Investigations prior to the commencement of litigation
A distinction is conventionally drawn between investigations which are carried out by claimants prior to the commencement of proceedings (recoverable as damages) and those that were begun thereafter (irrecoverable as damages). Whilst it has long been an established principle that staff time diverted to deal with litigation in which the company/firm is involved is generally irrecoverable as damages (Cockburn v Edwards (1881), subject to the exceptions set out in the following bullet point), disallowing any claim for damages in respect of investigative or mitigation work done after the point at which proceedings are commenced is arguably a somewhat arbitrary approach and it is unclear whether it will be adopted in relation to more complex investigations which have multiple purposes.
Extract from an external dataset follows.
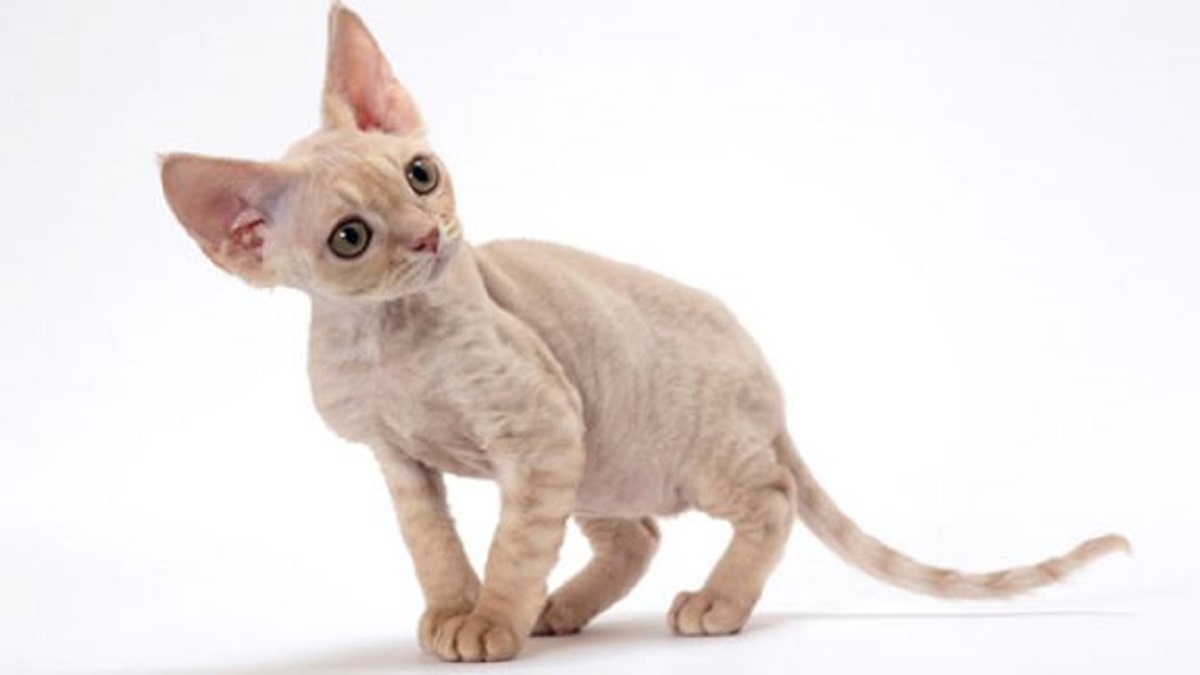 Devon Rex: peso minimo e massimo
Although the courts are increasingly adopting a more relaxed approach to the evidencing of claims for damages in respect of management time, it would be prudent to keep clear and contemporaneous records of the costs which are being claimed. It is important that anyone mounting a claim for wasted management time:
–– Identifies at an early stage which staff will be
performing the relevant tasks and justifies why this is so
–– Decides whether to respond to a 'disaster' by hiring new staff or diverting existing staff; consideration should be given to hiring new staff or paying existing staff to act outside their normal working hours for extra pay; whilst this might potentially be a more expensive option, the amounts paid will be recoverable in full without it being necessary to show that there has been disruption to the business or that existing staff have been diverted from their usual work
–– Adopts a thorough approach to documenting the cost of the work done contemporaneously or immediately after it has happened, in terms of hours spent by employees/ managers, the likely time spent going forward on remedial work if required, and the exact hourly rates claimed (ideally by producing and retaining payroll slips and time sheets); – a lack of such records may restrict recovery to nominal damages
–– If investigatory work is done, records the purpose of the investigation – it will not be recoverable if it is to prepare for litigation, but will be recoverable if it is to determine the nature/consequence of a wrong
–– Records the tasks that the employees/managers were unable to undertake (but would otherwise be performing) due to the work required to investigate or mitigate the loss
However, it is still worth bringing a claim even if contemporaneous records are not available, especially if the claim is small, as a court may accept retrospective evidence of the time which has been spent, in the form of witness and documentary evidence, as in AEW Architects and Bridge UK.COM Limited (although, as in the latter case, a discount may be applied).
The content of this article is intended to provide a general guide to the subject matter. Specialist advice should be sought about your specific circumstances.